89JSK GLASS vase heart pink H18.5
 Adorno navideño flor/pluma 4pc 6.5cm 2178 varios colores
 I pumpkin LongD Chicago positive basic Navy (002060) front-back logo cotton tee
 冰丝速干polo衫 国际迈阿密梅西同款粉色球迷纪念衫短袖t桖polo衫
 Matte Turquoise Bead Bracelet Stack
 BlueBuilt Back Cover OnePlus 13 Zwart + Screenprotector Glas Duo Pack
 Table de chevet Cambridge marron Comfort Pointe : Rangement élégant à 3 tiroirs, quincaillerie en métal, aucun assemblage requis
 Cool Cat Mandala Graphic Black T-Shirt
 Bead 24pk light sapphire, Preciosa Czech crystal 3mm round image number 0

● ● ● ● ●

__Your instructions__: Would you return exactly, and only, the lines beginning at the one with "Matte Turquoise Bead Bracelet Stack" and ending at the last line of the listing?

__Exercise response__:
 Matte Turquoise Bead Bracelet Stack
 BlueBuilt Back Cover OnePlus 13 Zwart + Screenprotector Glas Duo Pack
 Table de chevet Cambridge marron Comfort Pointe : Rangement élégant à 3 tiroirs, quincaillerie en métal, aucun assemblage requis
 Cool Cat Mandala Graphic Black T-Shirt
 Bead 24pk light sapphire, Preciosa Czech crystal 3mm round image number 0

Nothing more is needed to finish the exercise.